BOJ Does Nothing, Vows To Achieve “Price Stability Target”

Submitted by Takashi Miwa of Nomura

The Bank of Japan chose to leave its monetary policy unchanged at its 29-30 July monetary policy meeting. This was an unsurprising outcome, as forecasters had by a wide margin expected no policy changes: 38 of 47 of those surveyed by Bloomberg in July indicated that they expected the BOJ to leave its policy as is. This BOJ monetary policy meeting was lined up to occur just prior to an FOMC meeting that is widely expected to end in a rate cut, and the concern has been raised that the BOJ may have no viable options with which to respond to the yen appreciation that could result from a US rate cut. For this reason, some forecasters had posited that the BOJ might extend the timeline given in its forward guidance that currently indicates that the Bank will “maintain the current extremely low levels of short- and long-term interest rates…at least through around spring 2020”. (14 of those surveyed by Bloomberg indicated that they expected forward guidance to be adjusted in a more accommodative direction.) Ultimately, the BOJ decided not to adjust its forward guidance at this meeting.

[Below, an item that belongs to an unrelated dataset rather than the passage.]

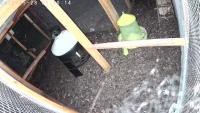 Chicken Coop Detection project thumbnail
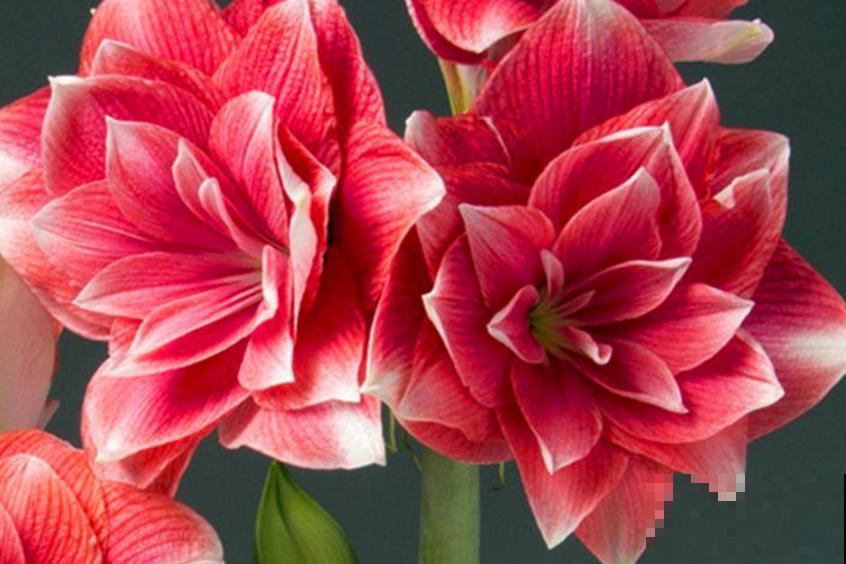 种朱顶红种球有讲究，6个错误常犯，看看你中了没！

Why the BOJ took a pass on amending its forward guidance

There are two possible reasons why the BOJ chose not to revise its forward guidance on this occasion.

  • First, USD/JPY was quite consistently parked in the 108.5-109.0 range in the immediate run-up to the meeting.
  • Second, the BOJ may have worried that frequent adjustments to forward guidance might give off the impression that the Bank had used up all of its actual monetary policy ammunition.

However, we note that the statement that the BOJ will “make policy adjustments as appropriate…with a view to maintaining the momentum toward achieving the price stability target” is now followed by the assertion that the Bank “will not hesitate to take additional easing measures if there is a greater possibility that the momentum toward achieving the price stability target will be lost”. This addition was arguably inserted as an alternative to the sort of change in forward guidance that some forecasters had expected.

Forecasts in the Outlook Report also left mostly untouched

On the same day as the Statement on Monetary Policy, the BOJ also issued the July 2019 edition of its Outlook for Economic Activity and Prices (the Outlook Report). Policy Board members’ median forecasts for FY19 real GDP growth, FY19 CPI, FY20 CPI, and FY21 real GDP growth were all slightly lowered, but Policy Board members continued to forecast sustained gradual improvement in both real GDP growth and CPI (Figure 1).

In the Outlook Report, the BOJ reiterated its view that momentum toward achieving the price stability target of 2% has been maintained, and this seems to have been used as a justification for standing pat on monetary policy.

Policy will likely be left alone barring a steep rise in the yen

The BOJ has publicly stated that it would pursue additional easing measures if needed, but its only practicable option for further easing is that of accelerating its expansion of the monetary base, accomplished by means of stepped-up purchases of JGBs made in coordination with increased fiscal outlays and increased issuance of JGBs to fund those outlays. Nomura expects the BOJ to pursue additional easing only if yen appreciation were to take USD/JPY to around 100. In any other circumstances, we expect the BOJ to simply carry on with its current monetary policies.